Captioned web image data
:::::
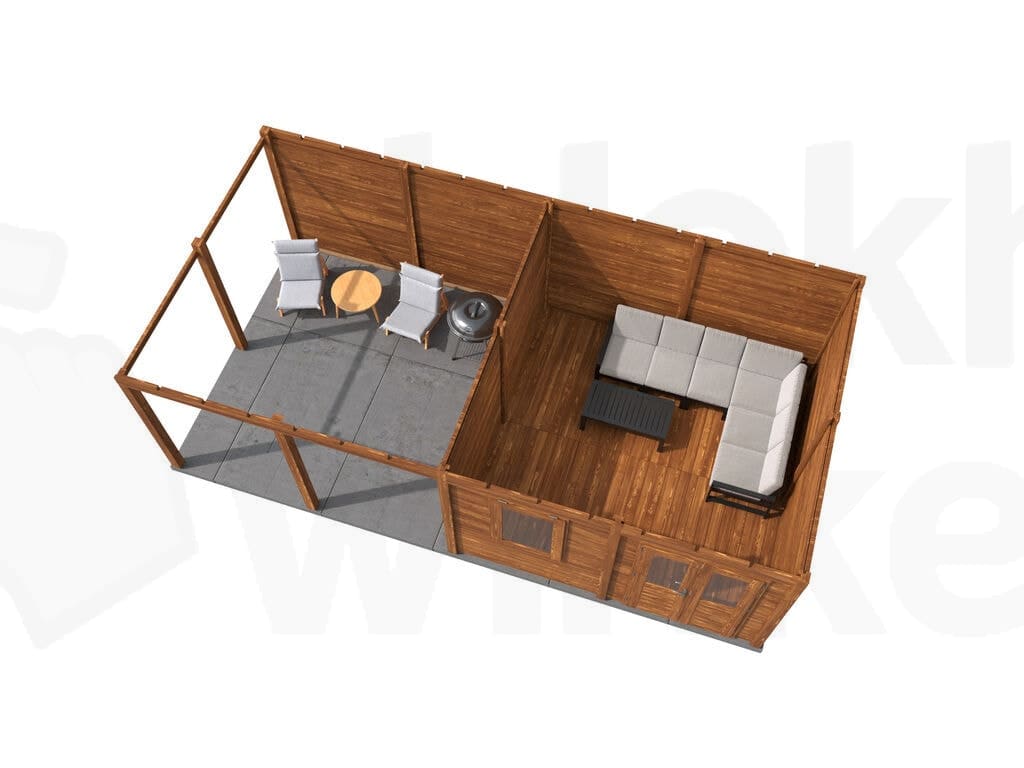 Plattegrond Lugarde Select Modern tuinhuis 44mm met Overkapping Amstelveen 388x388cm + 400cm - Behandeld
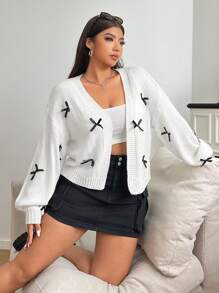 SHEIN EZwear Plus Size Color Block Bow Decor Loose Front Open Cardigan, Casual Everyday Wear, Autumn/Winter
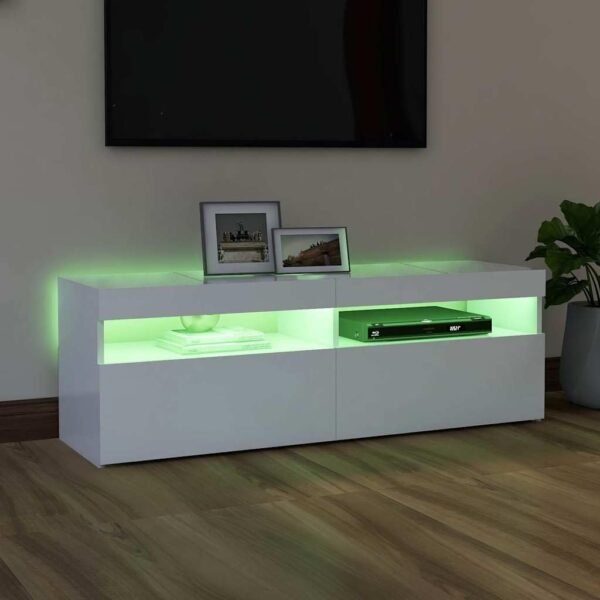 HOMTAKIE Meuble TV avec lumières LED Blanc 120x35x40 cm – Image 5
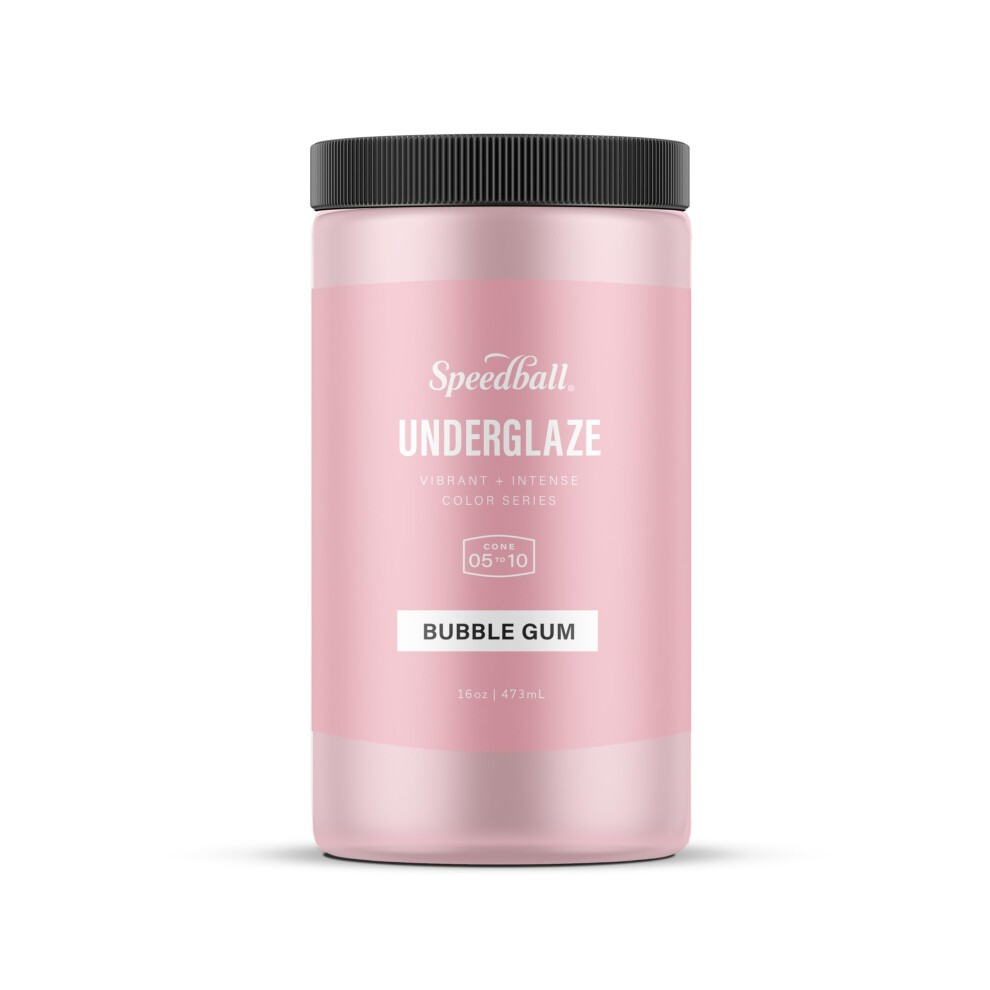 Speedball Underglaze  Bubble Gum  16 Oz  Made in USA  Lead-Free Color for Pottery and Ceramics  Wide Firing Range Cone 05-10  Food Safe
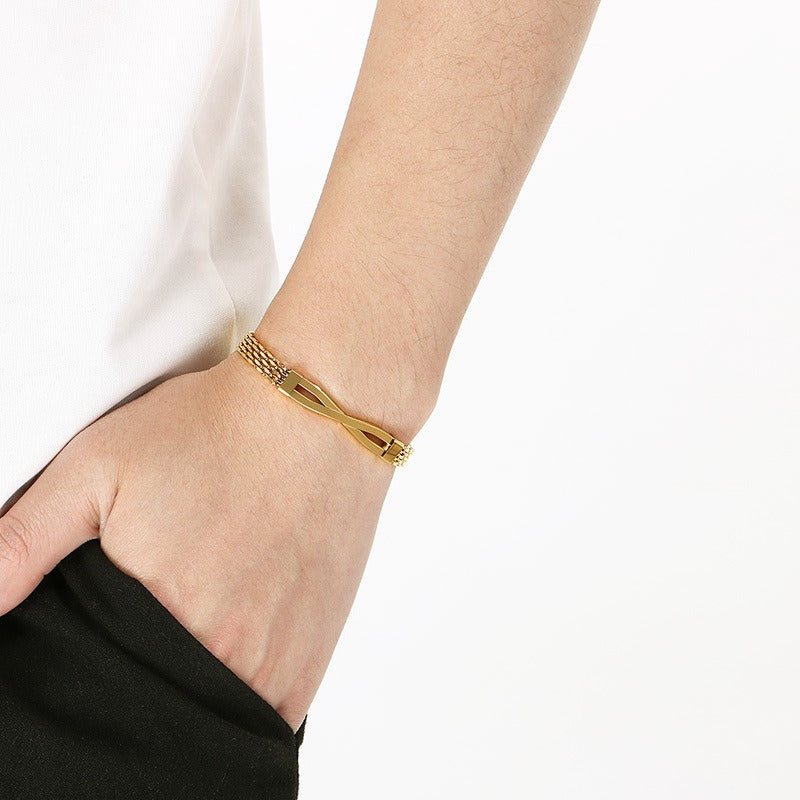 Kemstone Titanium Steel Twisted Bar Bracelet – Minimalist Link Chain for Men KB212529-KFC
:::::
**REQUIREMENT**
Exactly as they appear above, print all the lines, but not the pictures.

**ANSWER FOR THE TASK**
 Plattegrond Lugarde Select Modern tuinhuis 44mm met Overkapping Amstelveen 388x388cm + 400cm - Behandeld
 SHEIN EZwear Plus Size Color Block Bow Decor Loose Front Open Cardigan, Casual Everyday Wear, Autumn/Winter
 HOMTAKIE Meuble TV avec lumières LED Blanc 120x35x40 cm – Image 5
 Speedball Underglaze  Bubble Gum  16 Oz  Made in USA  Lead-Free Color for Pottery and Ceramics  Wide Firing Range Cone 05-10  Food Safe
 Kemstone Titanium Steel Twisted Bar Bracelet – Minimalist Link Chain for Men KB212529-KFC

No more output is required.